Two other centers playing for the Admirals who have had a taste of Tampa are Blair Jones and Paul Szczechura. Jones, the fourth-round pick in 2005, has steadily increased his point total each year in the AHL. He peaked with 20 goals and 54 points last year. A product of Western Michigan University, Szczechura finished with the Lightning and played pretty well last season, but had to start in Norfolk this year with the additions acquired by the team. With good play and injuries on the main club, he could find a way back to Tampa.
Richard Panik, the second round pick in 2009, had a decent World Junior Championship with five points in seven games for Slovakia. For the current season, Panik has arrived in Canada to play for the Windsor Spitfires. In 11 games, he has six points as he gets acclimated to the North American game.
There is less talent on the left wing. The most ready prospect in this position was just reclaimed off waivers. Radek Smolenak, an original draft pick of the Lightning, has very gradually improved in the minors. He received a taste of playing for the Lightning, but his size and hands were not enough to secure a spot.
Two prospects who are not ready to play professionally in North America yet are Johan Harju and Alex Killorn. Harju, a Swedish product and a sixth-round pick in 2007, has moved from Sweden to Russia to play. Harju had a breakout season with Lulea last season and then signed a contract with Dynamo Moscow.
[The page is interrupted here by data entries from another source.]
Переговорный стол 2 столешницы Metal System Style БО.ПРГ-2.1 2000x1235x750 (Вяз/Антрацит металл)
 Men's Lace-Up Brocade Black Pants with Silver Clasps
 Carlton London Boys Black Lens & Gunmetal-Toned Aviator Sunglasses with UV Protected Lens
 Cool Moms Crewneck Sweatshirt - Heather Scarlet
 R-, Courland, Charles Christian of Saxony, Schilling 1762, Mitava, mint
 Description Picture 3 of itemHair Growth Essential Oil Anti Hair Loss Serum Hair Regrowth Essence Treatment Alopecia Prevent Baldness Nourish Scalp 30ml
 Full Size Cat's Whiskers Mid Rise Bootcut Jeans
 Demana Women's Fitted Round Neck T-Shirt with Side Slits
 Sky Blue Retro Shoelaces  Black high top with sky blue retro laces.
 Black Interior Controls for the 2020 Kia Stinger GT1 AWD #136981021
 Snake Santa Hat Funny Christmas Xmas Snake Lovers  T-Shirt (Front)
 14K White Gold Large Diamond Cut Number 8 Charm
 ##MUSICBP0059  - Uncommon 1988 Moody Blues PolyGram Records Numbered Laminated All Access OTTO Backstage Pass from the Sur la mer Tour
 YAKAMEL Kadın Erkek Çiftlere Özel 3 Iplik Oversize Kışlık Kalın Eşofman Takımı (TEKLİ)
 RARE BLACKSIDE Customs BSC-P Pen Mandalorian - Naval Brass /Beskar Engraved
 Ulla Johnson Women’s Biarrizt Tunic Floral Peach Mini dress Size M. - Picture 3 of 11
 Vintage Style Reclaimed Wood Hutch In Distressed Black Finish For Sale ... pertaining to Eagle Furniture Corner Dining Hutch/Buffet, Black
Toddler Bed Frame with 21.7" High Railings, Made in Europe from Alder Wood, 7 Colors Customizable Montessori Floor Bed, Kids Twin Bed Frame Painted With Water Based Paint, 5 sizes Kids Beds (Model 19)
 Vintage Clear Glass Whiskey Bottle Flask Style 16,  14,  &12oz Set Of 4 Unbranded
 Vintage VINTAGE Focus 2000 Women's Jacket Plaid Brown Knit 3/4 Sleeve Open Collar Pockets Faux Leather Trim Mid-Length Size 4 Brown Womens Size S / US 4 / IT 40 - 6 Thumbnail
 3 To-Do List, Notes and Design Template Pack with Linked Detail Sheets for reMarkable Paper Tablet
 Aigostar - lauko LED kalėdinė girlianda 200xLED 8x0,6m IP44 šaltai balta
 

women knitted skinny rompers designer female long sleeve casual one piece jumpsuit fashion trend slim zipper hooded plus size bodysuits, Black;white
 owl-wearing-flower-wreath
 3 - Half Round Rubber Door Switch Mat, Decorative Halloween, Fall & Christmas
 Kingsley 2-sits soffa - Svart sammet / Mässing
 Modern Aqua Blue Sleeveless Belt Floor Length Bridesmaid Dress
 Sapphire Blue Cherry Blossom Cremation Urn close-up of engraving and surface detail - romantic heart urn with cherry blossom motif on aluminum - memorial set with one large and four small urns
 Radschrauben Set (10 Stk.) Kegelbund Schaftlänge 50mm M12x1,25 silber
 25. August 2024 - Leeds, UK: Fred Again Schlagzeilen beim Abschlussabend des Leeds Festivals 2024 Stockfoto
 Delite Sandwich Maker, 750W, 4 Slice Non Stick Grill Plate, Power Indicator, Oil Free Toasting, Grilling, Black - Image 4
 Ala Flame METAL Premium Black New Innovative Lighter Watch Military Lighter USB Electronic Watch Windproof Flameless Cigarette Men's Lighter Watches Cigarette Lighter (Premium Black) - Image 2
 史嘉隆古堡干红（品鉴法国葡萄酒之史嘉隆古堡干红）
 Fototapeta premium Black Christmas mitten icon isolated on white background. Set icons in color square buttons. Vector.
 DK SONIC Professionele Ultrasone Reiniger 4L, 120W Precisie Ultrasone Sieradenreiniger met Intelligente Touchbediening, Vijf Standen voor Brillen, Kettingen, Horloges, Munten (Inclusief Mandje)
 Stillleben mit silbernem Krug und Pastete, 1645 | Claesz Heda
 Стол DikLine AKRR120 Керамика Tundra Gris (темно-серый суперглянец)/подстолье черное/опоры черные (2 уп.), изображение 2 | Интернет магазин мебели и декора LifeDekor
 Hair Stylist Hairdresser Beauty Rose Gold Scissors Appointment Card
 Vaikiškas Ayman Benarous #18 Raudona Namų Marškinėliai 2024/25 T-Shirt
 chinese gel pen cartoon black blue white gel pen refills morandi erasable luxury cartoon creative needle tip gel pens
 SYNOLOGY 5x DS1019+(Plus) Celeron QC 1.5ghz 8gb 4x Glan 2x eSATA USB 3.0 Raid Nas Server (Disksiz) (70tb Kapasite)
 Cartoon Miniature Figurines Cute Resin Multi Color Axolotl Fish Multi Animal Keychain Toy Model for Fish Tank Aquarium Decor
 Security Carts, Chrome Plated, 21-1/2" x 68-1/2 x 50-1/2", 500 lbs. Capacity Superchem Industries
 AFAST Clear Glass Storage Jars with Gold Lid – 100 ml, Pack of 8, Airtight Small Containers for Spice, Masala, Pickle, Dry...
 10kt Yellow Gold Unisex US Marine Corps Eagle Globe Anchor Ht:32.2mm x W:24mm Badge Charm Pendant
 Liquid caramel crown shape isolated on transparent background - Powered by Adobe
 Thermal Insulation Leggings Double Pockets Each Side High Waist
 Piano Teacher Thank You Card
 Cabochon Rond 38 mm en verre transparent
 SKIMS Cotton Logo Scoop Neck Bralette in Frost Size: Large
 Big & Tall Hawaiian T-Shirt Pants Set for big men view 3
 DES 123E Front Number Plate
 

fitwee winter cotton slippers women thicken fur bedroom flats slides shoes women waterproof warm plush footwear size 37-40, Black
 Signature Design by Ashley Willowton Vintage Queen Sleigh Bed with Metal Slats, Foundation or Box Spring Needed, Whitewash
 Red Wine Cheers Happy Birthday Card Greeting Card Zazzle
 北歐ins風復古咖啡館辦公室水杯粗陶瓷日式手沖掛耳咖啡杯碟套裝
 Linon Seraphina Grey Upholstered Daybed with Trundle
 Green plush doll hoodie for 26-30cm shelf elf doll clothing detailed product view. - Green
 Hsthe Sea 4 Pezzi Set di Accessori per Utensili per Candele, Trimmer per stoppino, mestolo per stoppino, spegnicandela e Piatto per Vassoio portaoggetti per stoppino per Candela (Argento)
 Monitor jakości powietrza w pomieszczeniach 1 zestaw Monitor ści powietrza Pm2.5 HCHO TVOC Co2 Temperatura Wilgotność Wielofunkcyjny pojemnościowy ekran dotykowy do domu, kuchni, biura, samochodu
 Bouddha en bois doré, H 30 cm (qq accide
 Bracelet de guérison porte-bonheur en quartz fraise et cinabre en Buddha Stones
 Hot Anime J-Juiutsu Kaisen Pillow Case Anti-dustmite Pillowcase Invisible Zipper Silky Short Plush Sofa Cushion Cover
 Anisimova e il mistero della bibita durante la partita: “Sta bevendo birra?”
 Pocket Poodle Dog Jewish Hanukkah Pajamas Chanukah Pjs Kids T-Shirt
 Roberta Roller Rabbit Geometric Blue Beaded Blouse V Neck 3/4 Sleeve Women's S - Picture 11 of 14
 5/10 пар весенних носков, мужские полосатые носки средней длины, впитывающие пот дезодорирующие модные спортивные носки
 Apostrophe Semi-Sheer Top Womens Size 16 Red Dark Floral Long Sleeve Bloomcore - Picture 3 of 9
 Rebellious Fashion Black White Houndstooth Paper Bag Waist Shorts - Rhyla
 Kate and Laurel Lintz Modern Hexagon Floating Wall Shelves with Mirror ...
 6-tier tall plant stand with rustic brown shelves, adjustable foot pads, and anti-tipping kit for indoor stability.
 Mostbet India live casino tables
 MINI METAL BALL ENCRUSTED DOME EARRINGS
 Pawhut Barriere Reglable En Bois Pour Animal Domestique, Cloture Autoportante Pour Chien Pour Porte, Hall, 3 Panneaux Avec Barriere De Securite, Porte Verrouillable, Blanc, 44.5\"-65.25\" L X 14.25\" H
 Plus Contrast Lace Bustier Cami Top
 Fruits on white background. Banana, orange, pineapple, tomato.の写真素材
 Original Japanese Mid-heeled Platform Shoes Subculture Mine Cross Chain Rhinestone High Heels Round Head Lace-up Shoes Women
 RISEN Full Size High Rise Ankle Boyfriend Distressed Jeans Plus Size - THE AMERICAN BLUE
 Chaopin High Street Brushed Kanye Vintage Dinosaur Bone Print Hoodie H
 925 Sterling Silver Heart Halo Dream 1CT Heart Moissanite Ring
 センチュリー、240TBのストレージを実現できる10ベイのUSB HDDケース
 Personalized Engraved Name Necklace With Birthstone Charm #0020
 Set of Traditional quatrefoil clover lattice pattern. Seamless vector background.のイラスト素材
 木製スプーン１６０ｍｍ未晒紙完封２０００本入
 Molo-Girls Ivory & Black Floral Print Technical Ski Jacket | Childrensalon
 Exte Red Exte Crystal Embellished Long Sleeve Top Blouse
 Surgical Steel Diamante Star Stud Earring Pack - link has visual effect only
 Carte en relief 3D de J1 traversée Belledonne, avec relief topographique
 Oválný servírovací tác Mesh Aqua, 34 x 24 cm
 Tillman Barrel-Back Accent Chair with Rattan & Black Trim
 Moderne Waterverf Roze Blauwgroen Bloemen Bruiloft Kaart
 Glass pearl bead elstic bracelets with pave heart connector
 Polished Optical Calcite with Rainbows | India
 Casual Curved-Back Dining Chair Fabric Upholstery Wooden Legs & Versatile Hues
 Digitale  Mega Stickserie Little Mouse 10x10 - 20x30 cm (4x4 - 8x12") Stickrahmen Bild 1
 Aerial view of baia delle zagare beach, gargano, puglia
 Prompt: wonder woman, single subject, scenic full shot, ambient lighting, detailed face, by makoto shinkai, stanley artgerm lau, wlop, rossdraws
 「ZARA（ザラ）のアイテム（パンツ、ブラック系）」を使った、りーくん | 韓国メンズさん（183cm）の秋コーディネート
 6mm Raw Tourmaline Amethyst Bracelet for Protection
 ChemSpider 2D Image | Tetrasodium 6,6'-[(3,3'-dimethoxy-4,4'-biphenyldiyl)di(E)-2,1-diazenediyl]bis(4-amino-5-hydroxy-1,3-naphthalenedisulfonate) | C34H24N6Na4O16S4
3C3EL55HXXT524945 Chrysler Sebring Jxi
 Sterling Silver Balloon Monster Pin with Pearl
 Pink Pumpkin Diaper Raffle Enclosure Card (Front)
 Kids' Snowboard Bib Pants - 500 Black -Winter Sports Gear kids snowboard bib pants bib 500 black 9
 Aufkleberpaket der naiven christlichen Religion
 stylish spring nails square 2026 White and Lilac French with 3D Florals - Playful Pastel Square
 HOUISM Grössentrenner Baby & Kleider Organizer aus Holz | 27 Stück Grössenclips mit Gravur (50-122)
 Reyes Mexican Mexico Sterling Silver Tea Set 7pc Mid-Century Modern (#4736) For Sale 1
A strong player overall, Harju has scored 20 goals or more the past two seasons. However, in the KHL so far he has just three points in 16 games. Killorn, a smallish player, spent the last season with Harvard. Killorn had a decent freshman year with 14 points in 30 games. He will have to use his speed and work ethic to try to improve his game in the upcoming season.
Alex Hutchings, a fourth round pick in 2009, is playing his fourth season for the Barrie Colts in the OHL. The speedy 18-year-old has improved on his point totals throughout his career. In 12 games this season, he already has 15 points.
Juraj Simek, a former farmhand of the Canucks, has not fully developed on a professional level so far. Topping out at 22 points last season in Norfolk, the 22-year-old is looking to improve on that. He can play either wing.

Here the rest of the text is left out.